TASK TO CARRY OUT: All of the data should be output character for character, except the pictures.

"""

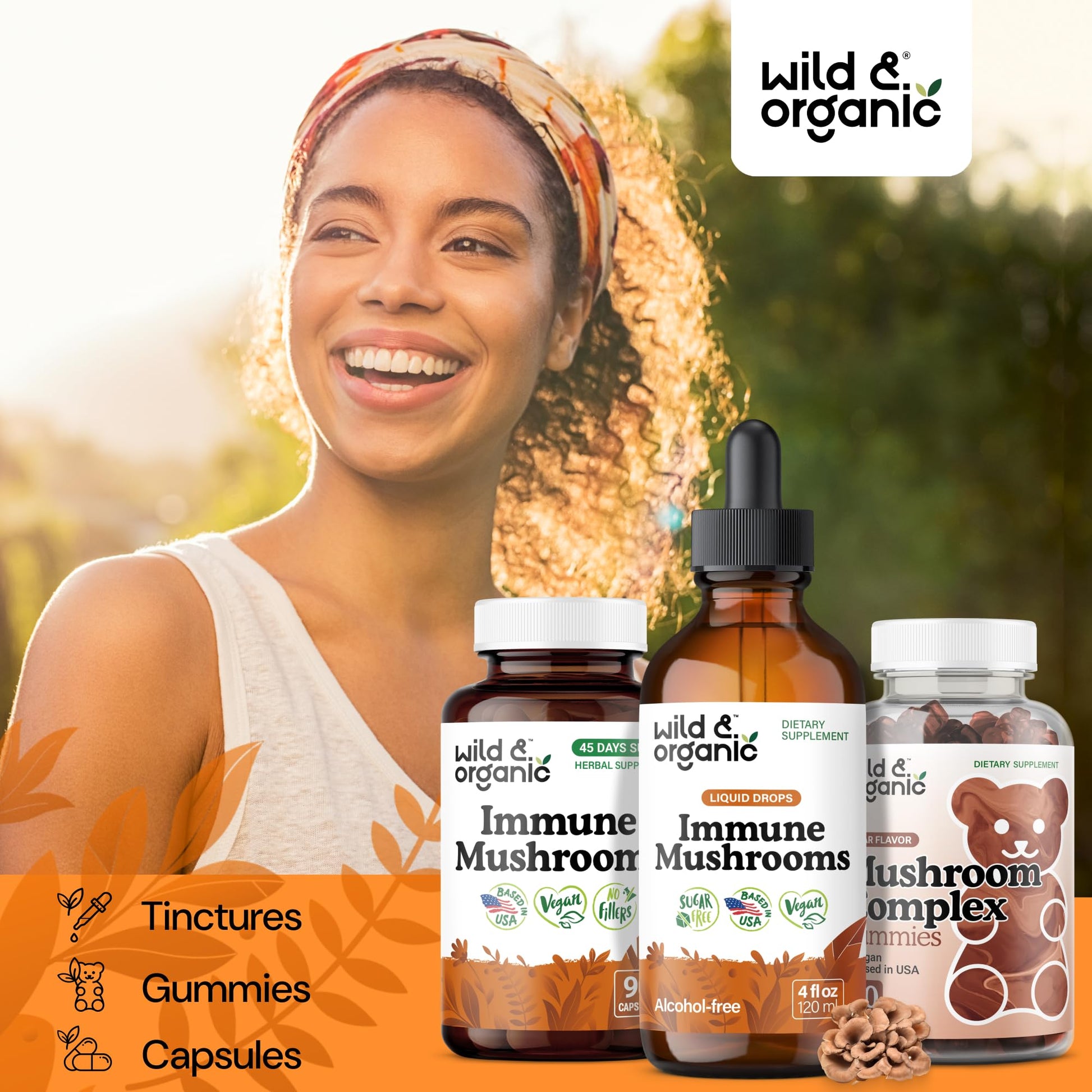 Wild & Organic Immune Mushroom Tincture - 8-in-1 Immune Support with Chaga, Reishi, Turkey Tail, Lion’s Mane, Maitake Extract - Liquid Mushroom Supplement - Vegan, Sugar & Alcohol-Free Drops - 4 oz - PrimeBioHealth - canada supplements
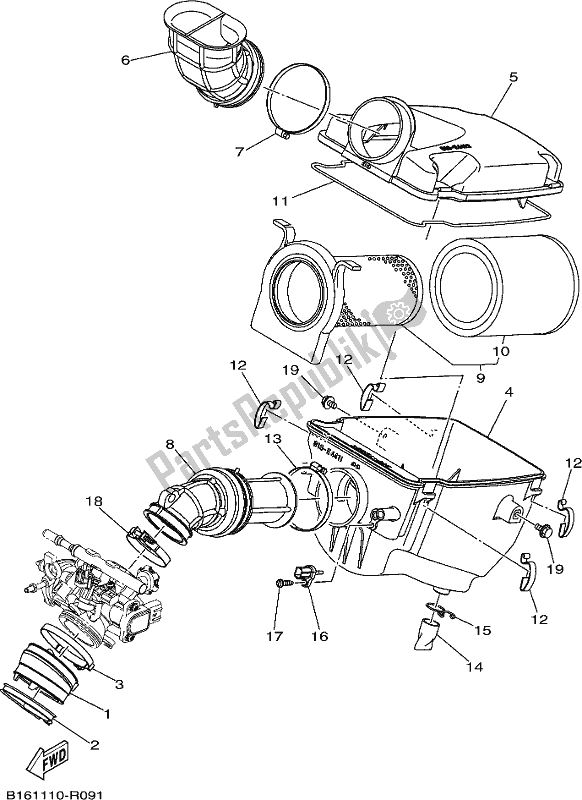 All parts for the Intake of the Yamaha YFM 700 Fbpj Camo 2018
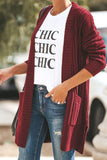 Shawl Neckline Long Sleeve Cardigan with Pocket
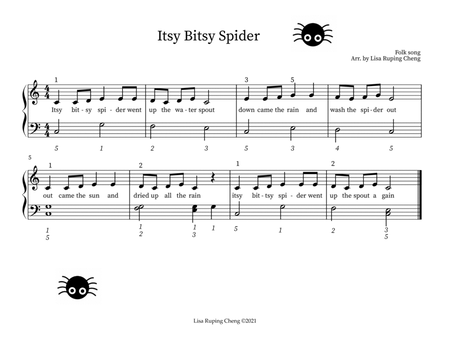 Itsy Bitsy Spider for young beginners piano image number null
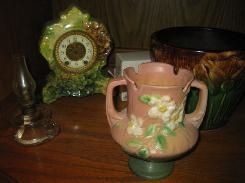 Roseville White Rose Vase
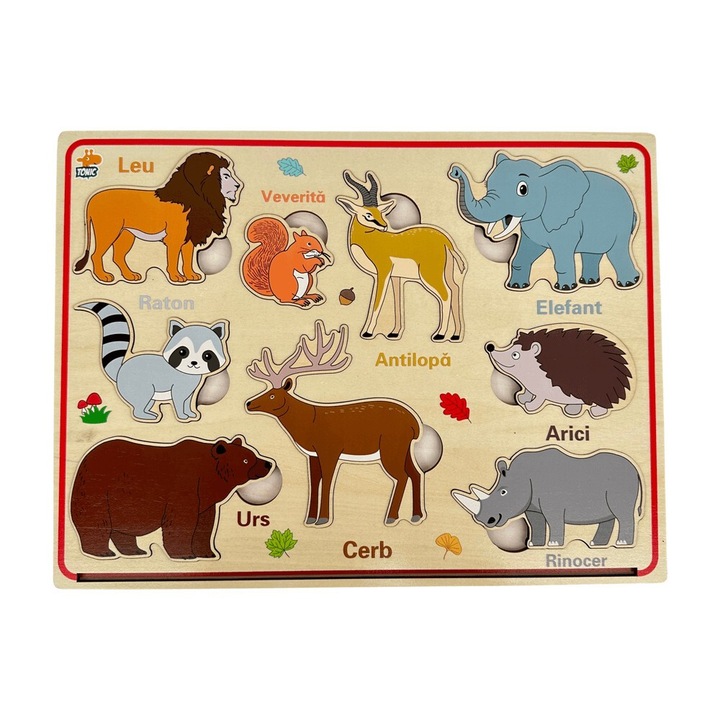 Fából készült mágneses puzzle románul, Vadállatok, 9 db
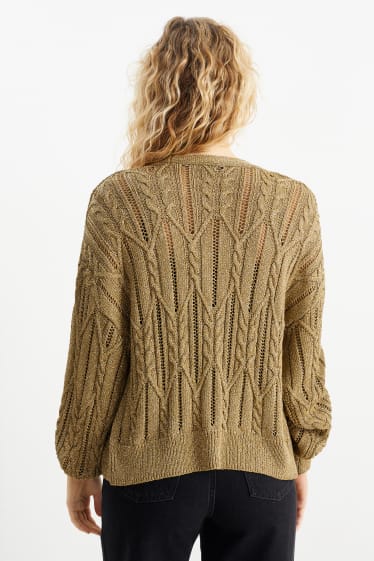 Women - Cardigan - cable knit pattern - khaki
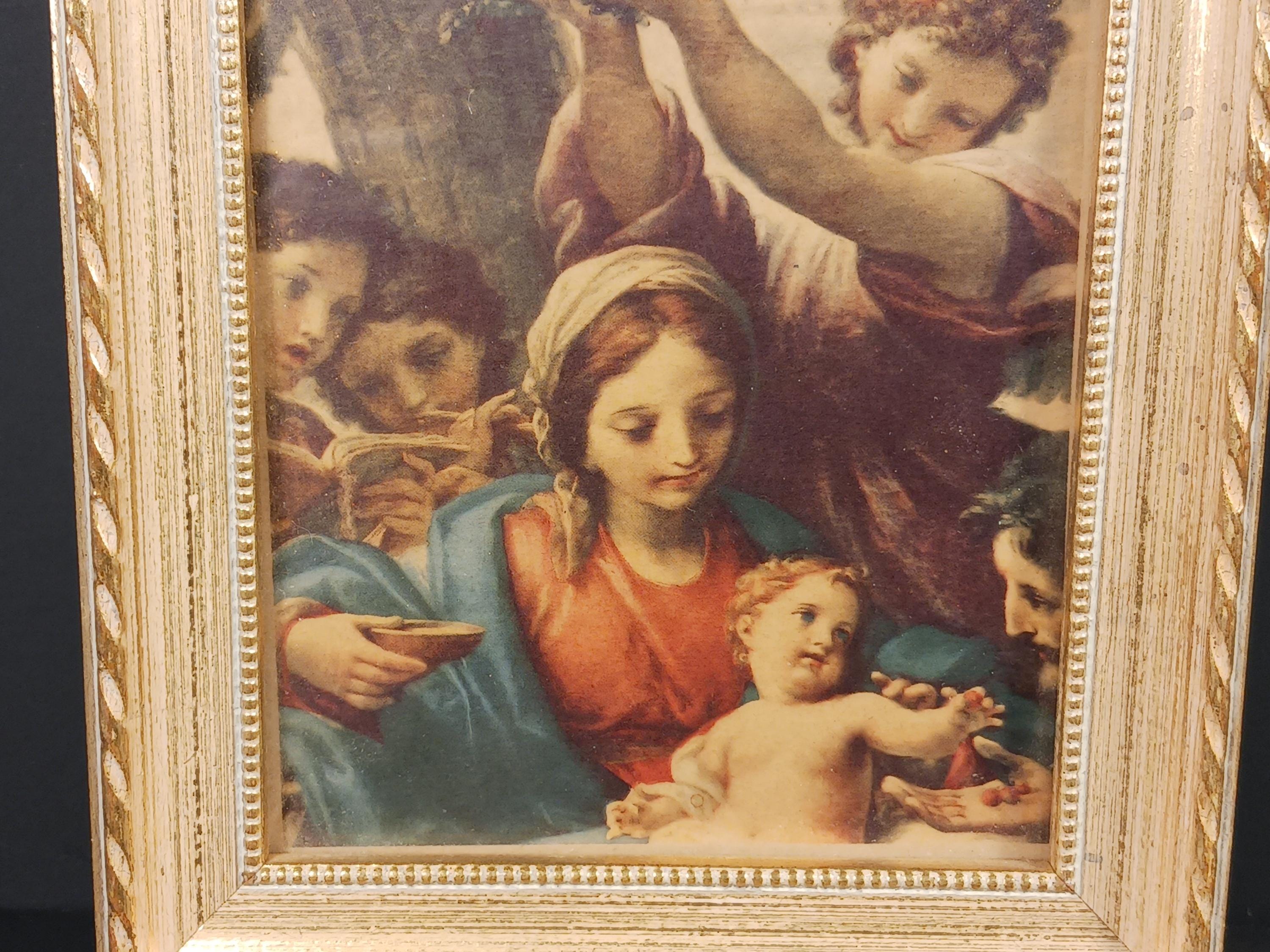 Vintage Madonna and Child Print - Gold Florentine Frame, Religious Wall ...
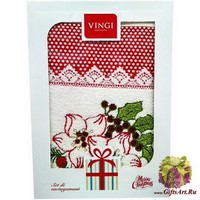 Набор махровых новогодних полотенец с вышивкой &quot;VINGI RICAMI&quot;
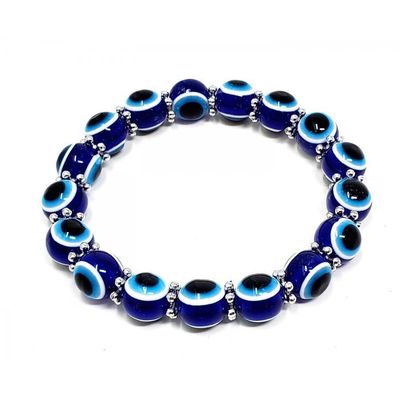 8 mm Elastic Bracelet Round Beads - Evil Eye, SKU QQ065-TKE-17, UPC 700317384854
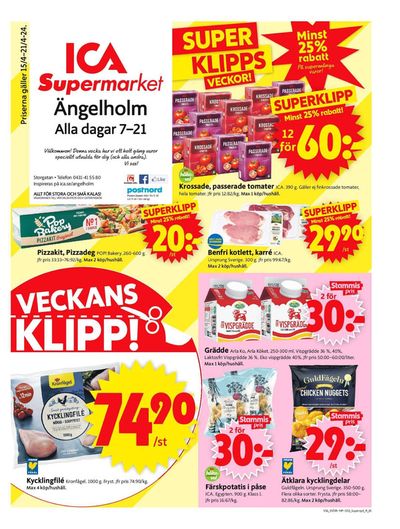 ICA Supermarket-katalog i Ängelholm | ICA Supermarket Erbjudanden | 2024-04-15 - 2024-04-21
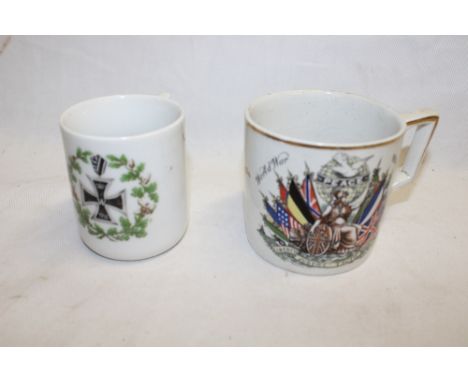 A First War commemorative china mug for the village of Ludgvan, Cornwall and a First War German china mug decorated with a 19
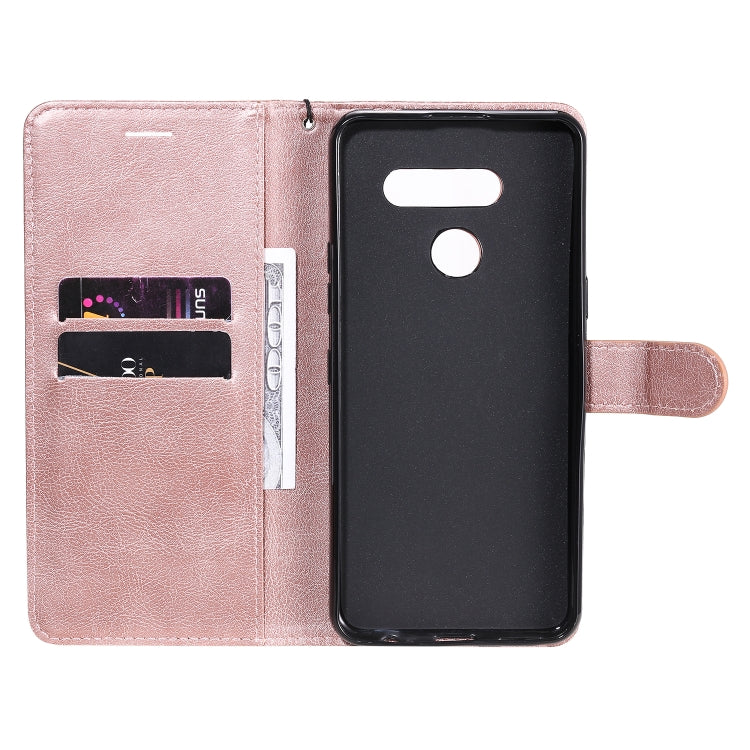 For LG K50S Solid Color Horizontal Flip Protective Leather Case with Holder & Card Slots & Wallet & Photo Frame & Lanyard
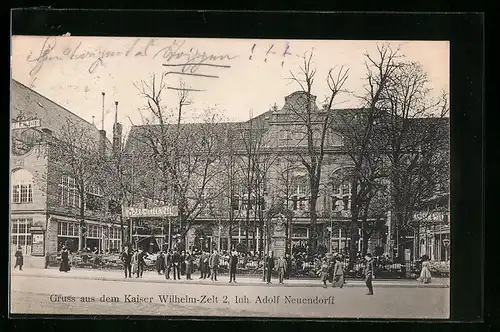 AK Berlin-Tiergarten, Gasthaus Kaiser Wilhelm-Zelt 2, Inh. Adolf Neuendorff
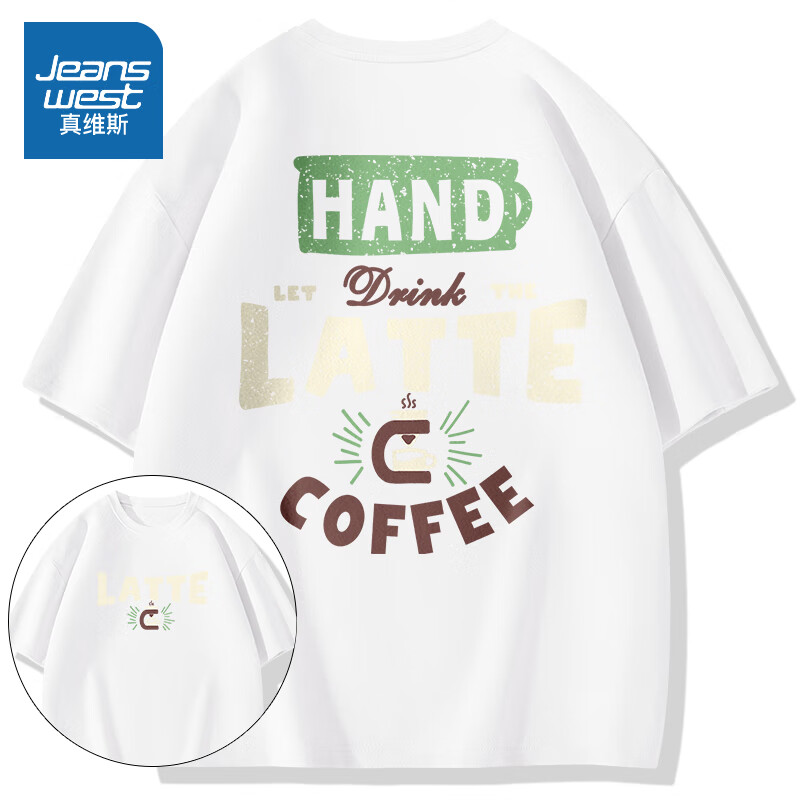 真维斯(jeanswest)男士t恤短袖美式复古潮流宽松体恤2024夏季加肥加大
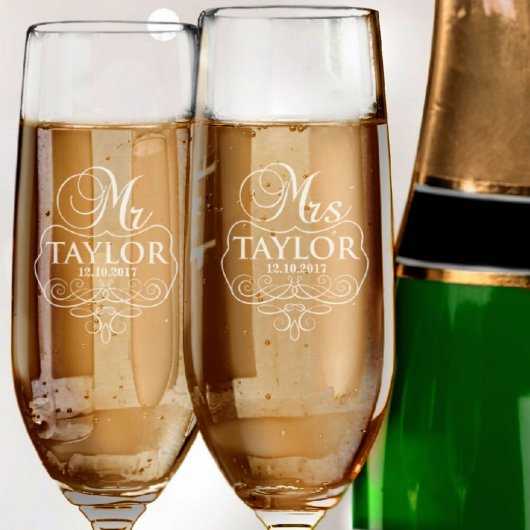 Mr. & Mrs. Wedding Champagne Toasting Flute Set (Front)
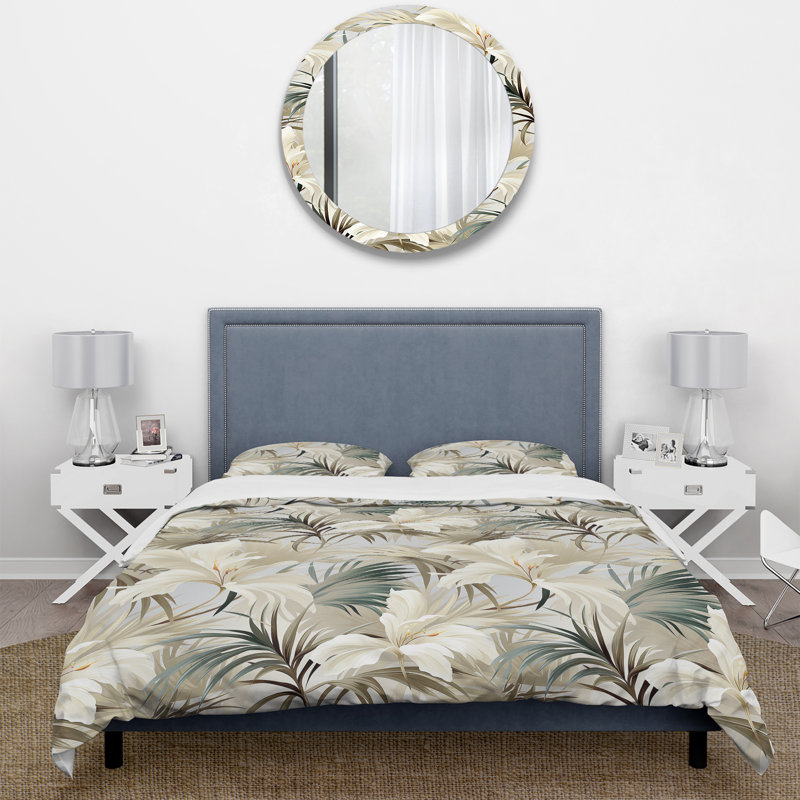 Ensemble de housse de couette - Tranquil Retreat Tropical Motif II, Housse de couette simple + 1 taie décorative stan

"""

SOLUTION FOR THIS EXERCISE:
 Wild & Organic Immune Mushroom Tincture - 8-in-1 Immune Support with Chaga, Reishi, Turkey Tail, Lion’s Mane, Maitake Extract - Liquid Mushroom Supplement - Vegan, Sugar & Alcohol-Free Drops - 4 oz - PrimeBioHealth - canada supplements
 All parts for the Intake of the Yamaha YFM 700 Fbpj Camo 2018
 Shawl Neckline Long Sleeve Cardigan with Pocket
 Itsy Bitsy Spider for young beginners piano image number null
 Roseville White Rose Vase
 Fából készült mágneses puzzle románul, Vadállatok, 9 db
 Women - Cardigan - cable knit pattern - khaki
 Vintage Madonna and Child Print - Gold Florentine Frame, Religious Wall ...
 Набор махровых новогодних полотенец с вышивкой &quot;VINGI RICAMI&quot;
 8 mm Elastic Bracelet Round Beads - Evil Eye, SKU QQ065-TKE-17, UPC 700317384854
 ICA Supermarket-katalog i Ängelholm | ICA Supermarket Erbjudanden | 2024-04-15 - 2024-04-21
 A First War commemorative china mug for the village of Ludgvan, Cornwall and a First War German china mug decorated with a 19
 For LG K50S Solid Color Horizontal Flip Protective Leather Case with Holder & Card Slots & Wallet & Photo Frame & Lanyard
 AK Berlin-Tiergarten, Gasthaus Kaiser Wilhelm-Zelt 2, Inh. Adolf Neuendorff
 真维斯(jeanswest)男士t恤短袖美式复古潮流宽松体恤2024夏季加肥加大
 Mr. & Mrs. Wedding Champagne Toasting Flute Set (Front)
 Ensemble de housse de couette - Tranquil Retreat Tropical Motif II, Housse de couette simple + 1 taie décorative stan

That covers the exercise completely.